At September 30, 2017, the principal maturities of the long-term debt were as follows:
 
September 30,
2017
2017
$
612

2018
2,620

2019
2,172

Principal balance outstanding
5,404

less: unamortized discount
(164
)
less: unamortized debt issuance costs
(19
)
Long-term debt
5,221

Current portion
2,551

Noncurrent portion
2,670


The Company paid interest on debt of $158 and $153 during the three months ended September 30, 2017 and 2016, respectively, and $470 and $327 during the nine months ended September 30, 2017 and 2016, respectively.
Debt
On February 17, 2016, the Company closed a $10,000 loan facility with Hercules Technology Growth Capital (HTGC) at a floating interest rate equal to the greater of either (i) 9.95% or (ii) the sum of 9.95% plus the United States prime rate minus 3.50%, with an initial advance against this loan facility of $6,000.  Total proceeds net of fees and issuance costs were $5,839. Fees and issuance costs of $161, as well as fees of $231 that are payable to the lender at maturity, are recorded as a reduction in the carrying amount of long-term debt on the Company’s balance sheet and will be amortized to interest expense through the maturity date of September 1, 2019 using the effective interest method. Interest amounts are payable monthly beginning on March 1, 2016 through the maturity date of September 1, 2019. Initially, principal amounts were payable monthly beginning on April 1, 2017 through the maturity date.
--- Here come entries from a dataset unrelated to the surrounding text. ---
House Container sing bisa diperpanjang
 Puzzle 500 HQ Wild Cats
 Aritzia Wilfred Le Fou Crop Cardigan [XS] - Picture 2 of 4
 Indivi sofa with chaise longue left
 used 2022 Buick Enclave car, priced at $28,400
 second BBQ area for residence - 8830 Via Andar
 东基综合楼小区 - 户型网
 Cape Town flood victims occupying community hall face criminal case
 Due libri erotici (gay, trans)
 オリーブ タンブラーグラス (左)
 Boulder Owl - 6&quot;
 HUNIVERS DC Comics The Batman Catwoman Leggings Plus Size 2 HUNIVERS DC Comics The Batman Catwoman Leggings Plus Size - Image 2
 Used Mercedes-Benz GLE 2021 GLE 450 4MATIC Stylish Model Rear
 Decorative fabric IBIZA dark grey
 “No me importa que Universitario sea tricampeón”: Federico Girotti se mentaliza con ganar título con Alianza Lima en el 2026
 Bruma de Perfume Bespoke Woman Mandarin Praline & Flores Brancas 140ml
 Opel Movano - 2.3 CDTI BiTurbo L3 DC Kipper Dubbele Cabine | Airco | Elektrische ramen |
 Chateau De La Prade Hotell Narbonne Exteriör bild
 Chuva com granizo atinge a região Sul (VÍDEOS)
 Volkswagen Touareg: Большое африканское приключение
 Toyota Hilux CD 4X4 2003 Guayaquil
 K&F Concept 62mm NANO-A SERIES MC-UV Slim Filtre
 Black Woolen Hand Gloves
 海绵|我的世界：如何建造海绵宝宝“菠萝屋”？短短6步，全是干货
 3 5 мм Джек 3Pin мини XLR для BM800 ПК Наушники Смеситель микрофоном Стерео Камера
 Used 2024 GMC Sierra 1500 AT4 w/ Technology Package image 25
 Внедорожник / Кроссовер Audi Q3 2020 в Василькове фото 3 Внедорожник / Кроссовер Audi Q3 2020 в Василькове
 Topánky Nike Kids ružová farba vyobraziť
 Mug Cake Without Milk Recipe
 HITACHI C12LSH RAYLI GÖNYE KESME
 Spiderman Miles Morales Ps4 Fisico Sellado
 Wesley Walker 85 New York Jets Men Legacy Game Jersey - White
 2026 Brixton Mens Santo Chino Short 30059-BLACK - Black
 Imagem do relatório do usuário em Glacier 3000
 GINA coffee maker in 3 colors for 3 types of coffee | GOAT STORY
In 2016, the Company met certain terms in the loan agreement so that principal amounts are payable monthly beginning on July 1, 2017. The loan is collateralized by a security interest in all tangible assets. In addition, the Company is subject to certain financial reporting requirements and certain negative covenants requiring lender consent. Additionally, HTGC shall have the right to participate in a future financing of up to $1,000 under the same terms and conditions and pricing afforded to other participants in that future financing.
In connection with the February 2016 HTGC loan, HTGC also has the right to purchase 104,348 shares of Series C preferred stock at $2.30 per share under the terms of a warrant agreement with the Company. The preferred stock warrant liability was recorded at fair value at the date of issuance of February 17, 2016 in the amount of $134 and recorded as a reduction in the carrying amount of long-term debt on the Company’s balance sheet. This discount of $134 will be amortized to interest expense through the loan maturity date of September 1, 2019 using the effective interest method. The Company will estimate the fair value of the preferred stock warrant liability at the end of each reporting period using the Black-Scholes model and will record any changes in fair value to other income (expense), net on the Company’s statement of operations. At December 31, 2016 the carrying value of long-term debt is $5,667 and the fair value of the preferred stock warrant liability is $201. See Note 9, Fair Value Measurements, for more information on the fair value of the preferred stock warrant liability.
At December 31, 2016, the principal maturities of the long-term debt were as follows:
 
December 31,
2016
2017
$
1,213

2018
2,623

2019
2,164

Principal balance outstanding
6,000

less: unamortized discount
(298
)
less: unamortized debt issuance costs
(35
)
Long-term debt
5,667

Current portion
1,213

Noncurrent portion
4,454


The Company paid interest on debt of $478 during the year ended December 31, 2016.